- What the task asks: Images do not belong in the copy. Retype all the entries below exactly.

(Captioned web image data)
= = = = =
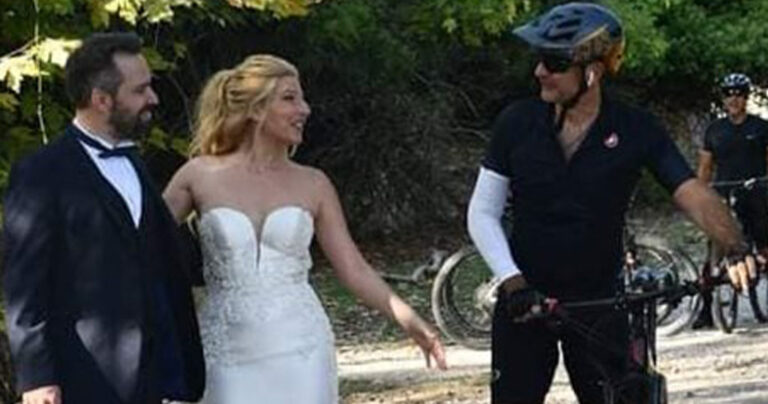 Νεόνυμφοι πέτυχαν τον Μητσοτάκη να κάνει ποδήλατο στο Τατόι και βγήκαν φωτογραφία μαζί του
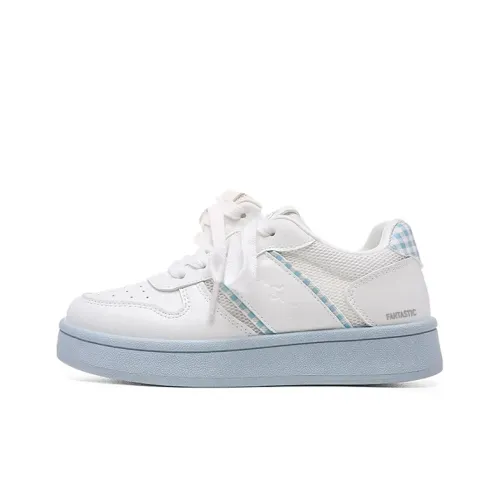 FANTASTIC XBOX Coverage Slip Resistant Lightweight Breathable Low Top Skateboard Shoes Women's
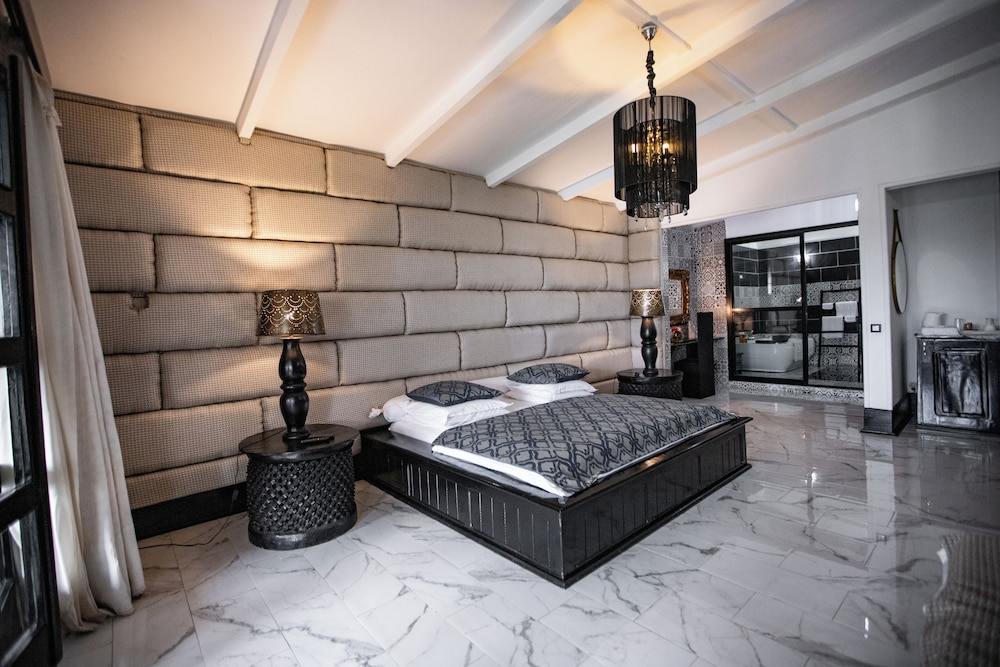 Presidential Room, 1 Bedroom, Pool Access, Canal View photo 2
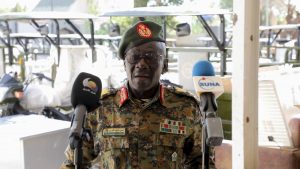 السودان – “الفضاء نيوز”: *وزير الدفاع يدشن توزيع وسائل إنتاج لأسر الشهداء ويعلن مشروعاً لإسكانهم بالولايات*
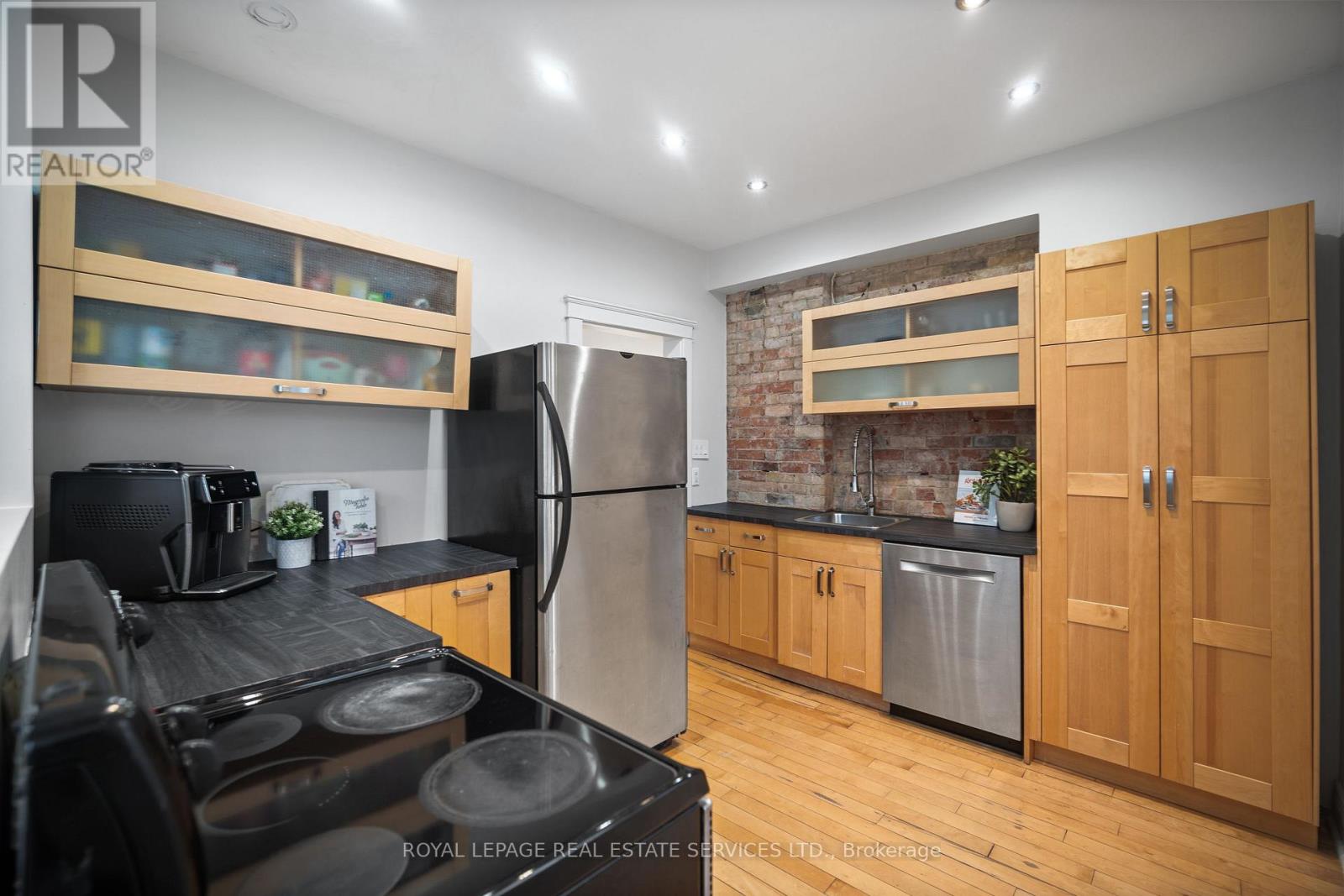 5 Wheeler Avenue, Toronto, Ontario  M4L 3V3 - Photo 12 - E12821188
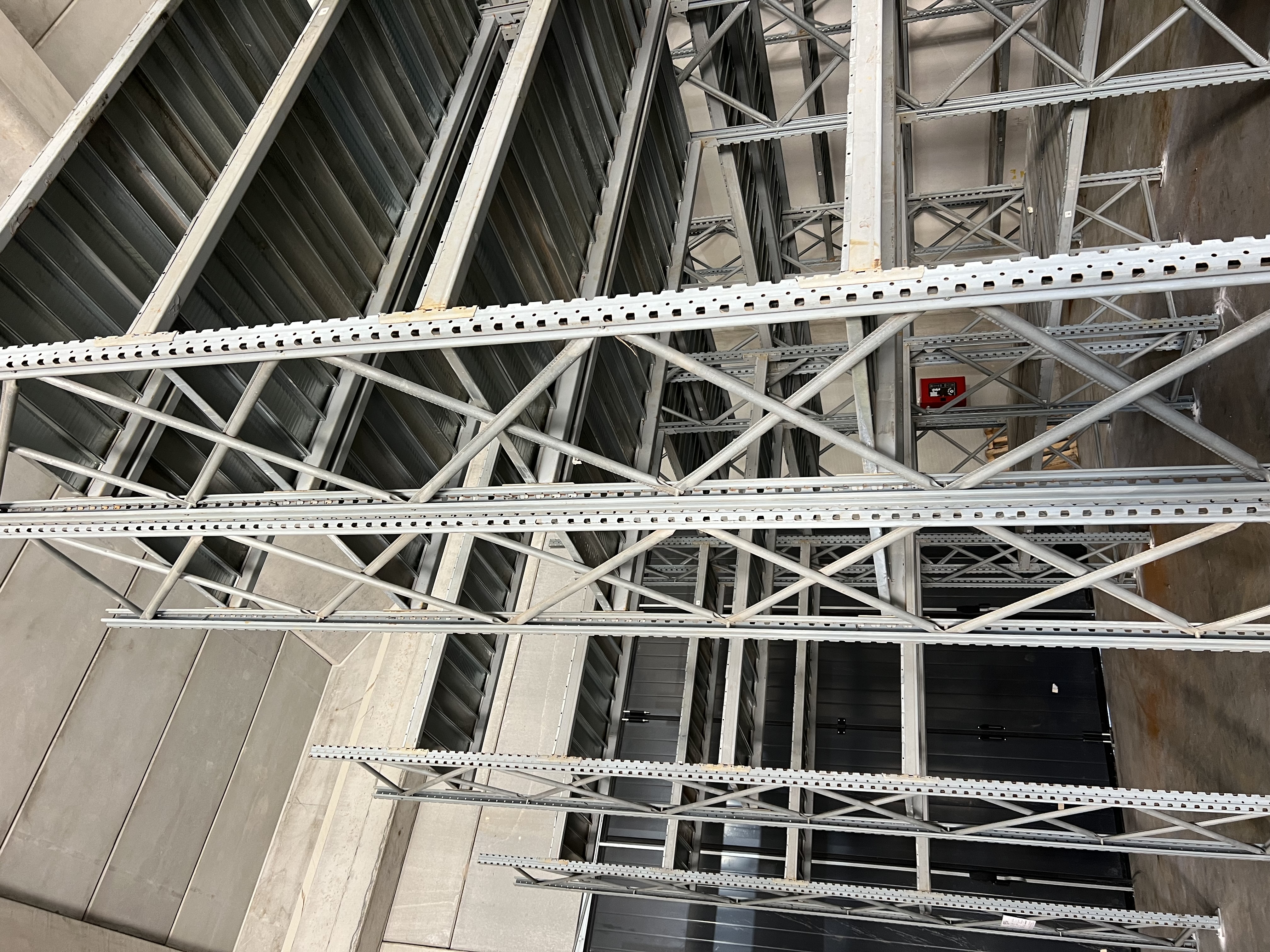 Vendita scaffalatura  in vendita - foto 2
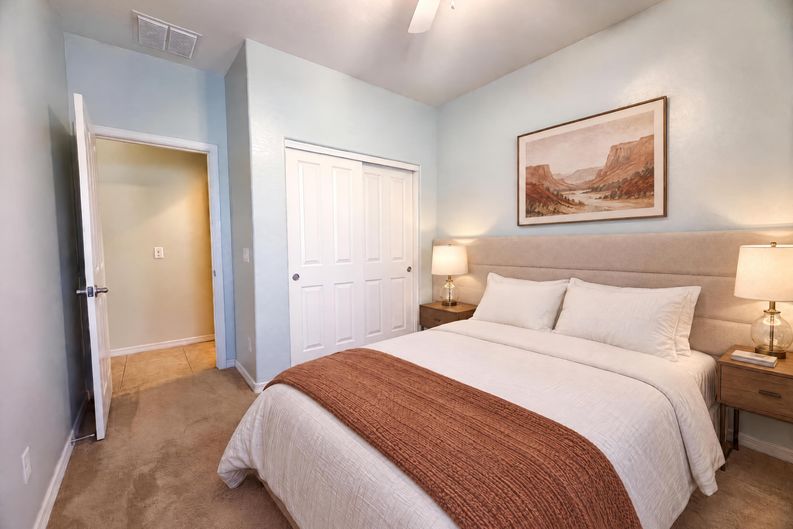 Photo 12 of 18 of 875 W Ayrshire Trl, San Tan Valley, AZ
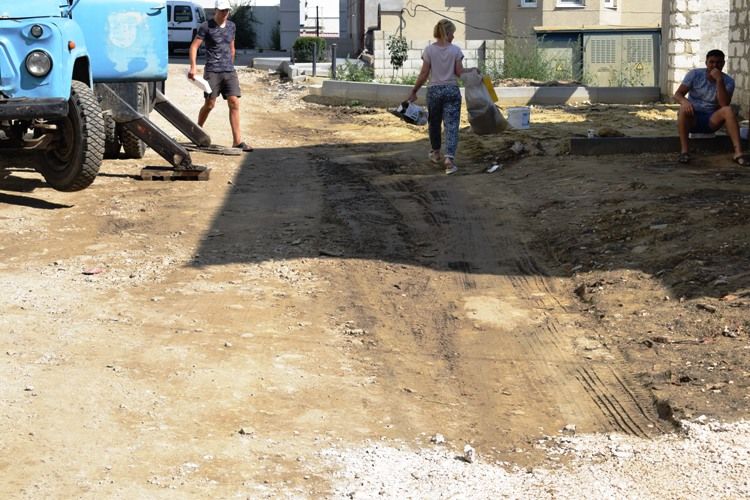 Воры проникают в разрушенные после ливня дома в центре Комрата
= = = = =
- Completed task:
 Νεόνυμφοι πέτυχαν τον Μητσοτάκη να κάνει ποδήλατο στο Τατόι και βγήκαν φωτογραφία μαζί του
 FANTASTIC XBOX Coverage Slip Resistant Lightweight Breathable Low Top Skateboard Shoes Women's
 Presidential Room, 1 Bedroom, Pool Access, Canal View photo 2
 السودان – “الفضاء نيوز”: *وزير الدفاع يدشن توزيع وسائل إنتاج لأسر الشهداء ويعلن مشروعاً لإسكانهم بالولايات*
 5 Wheeler Avenue, Toronto, Ontario  M4L 3V3 - Photo 12 - E12821188
 Vendita scaffalatura  in vendita - foto 2
 Photo 12 of 18 of 875 W Ayrshire Trl, San Tan Valley, AZ
 Воры проникают в разрушенные после ливня дома в центре Комрата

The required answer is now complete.